You are right that you are effectively stuck in a single coroutine (non-stack) frame. But you can chain multiple such coroutine frames, because one coroutine can co_await another.
Thanks for this great article! I've been circling my way around understanding coroutines and this really put it in place.
I think this co_awaiting is the most confusing part for folks: in most languages with stackful coroutines, it makes sense how one can
1. call "co_await" on a coroutine at a high-level API boundary
2. have that coroutine execute normal code all the way down to some expensive part (e.g. I/O)

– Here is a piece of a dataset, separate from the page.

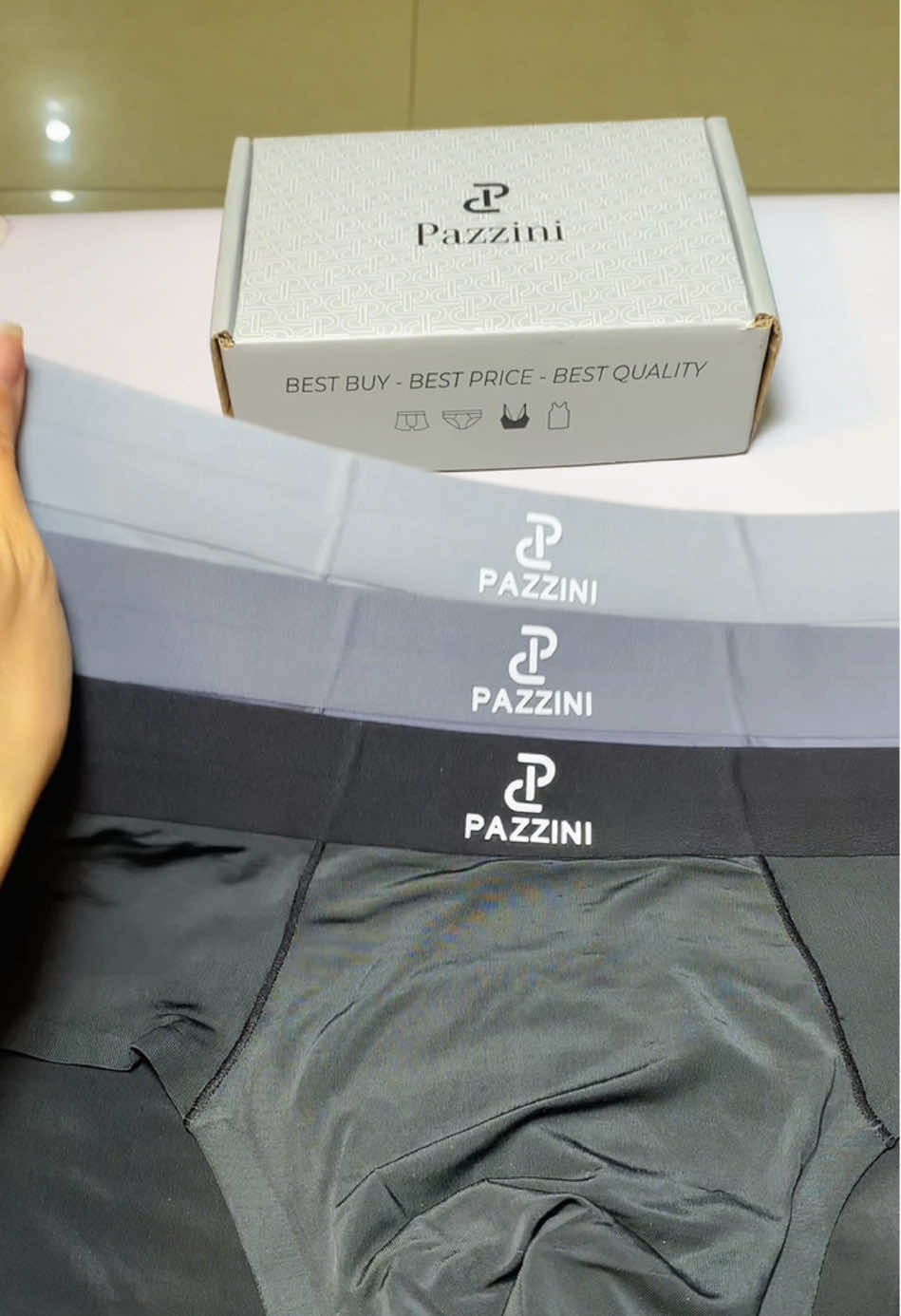 Quần sịp chéo mát mặc như không mặc đây #pazzini #quansip #thunlanh #thoitrang #xh #viral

3. at that particular point "deep" down in the expensive parts, that single point can just call "yield" and give control all the way back to the user thread that co_awaited at 1, usually with some special capability in the runtime.
I believe the way you can do this in C++20 concepts is to co_yield a promise all the way back to the originating "co_await" site, but I may be confused about this still...

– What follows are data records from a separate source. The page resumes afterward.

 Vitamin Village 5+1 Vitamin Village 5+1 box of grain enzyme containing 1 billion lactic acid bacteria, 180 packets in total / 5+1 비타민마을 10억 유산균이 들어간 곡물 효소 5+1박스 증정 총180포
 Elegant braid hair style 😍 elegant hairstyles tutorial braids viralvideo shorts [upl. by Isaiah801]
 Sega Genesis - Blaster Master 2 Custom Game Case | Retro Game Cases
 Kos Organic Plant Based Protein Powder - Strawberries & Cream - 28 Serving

It's totally clear to me why they didn't choose this for C++: keeping track of some heap-allocated stack frames could prove unwieldy.

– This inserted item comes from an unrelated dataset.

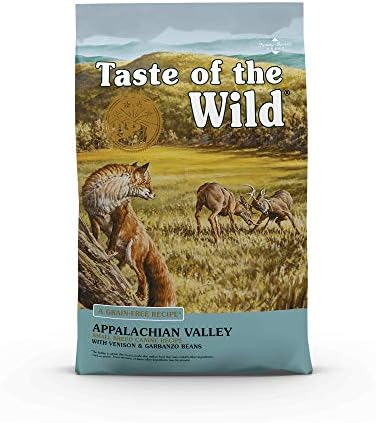  Taste Of The Wild Grain Free High Protein Real Meat Recipe Appalachian Valley Premium Dry Dog Food, 28 Lb.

I wish more effort went into explaining and promoting coroutines. Right now the advice seems to be "be brave and DIY, or just use cppcoro until we figure this out".
Also, if it’s not clear, within a coroutine, you can call any function (or coroutine) you want. It’s just that to co_yield, you have to be in the coroutine not deep in the stack.
Isn't it like that is most languages? I'm thinking about Python, C#, JS. If you call a blocking function from an async function, you cannot yield from deep inside the blocking function.
Why is this a big deal in C++? Am I missing anything that makes c++ coroutines less powerful than other mainstream solutions? Or are people comparing its power with e.g. Lisp or go?
It's a big deal because, while it has some downsides, being stalkless means they can have next to no overhead, meaning it can be performant to use coroutines to write asynchronous code for even very fast operations. The example given https://www.youtube.com/watch?v=j9tlJAqMV7U&t=13m30s is that you can launch multiple coroutines to issue prefetch instructions and process the fetched data, so you can have clean code that issues multiple prefetches and process the results. Whereas in Python (don't get me wrong, I love Python) you might use a generator to "asynchronize" slow operations like requesting and processing data from remote servers, C++ coroutines can be fast enough to asynchronously process "slow" operations like requesting data from main memory.
Wow, that talk is a fantastic link. He actually gets negative overhead from using coroutines, because the compiler has more freedom to optimize when humans don't prematurely break the logic into multiple functions.
All those languages have also stackless coroutines. Notably Lua and Go have stackful coroutines.
It is sort of a big deal because the discussion of wether adding stackful or stackless coroutines in C++ was an interminable and very visible one. Stackless won.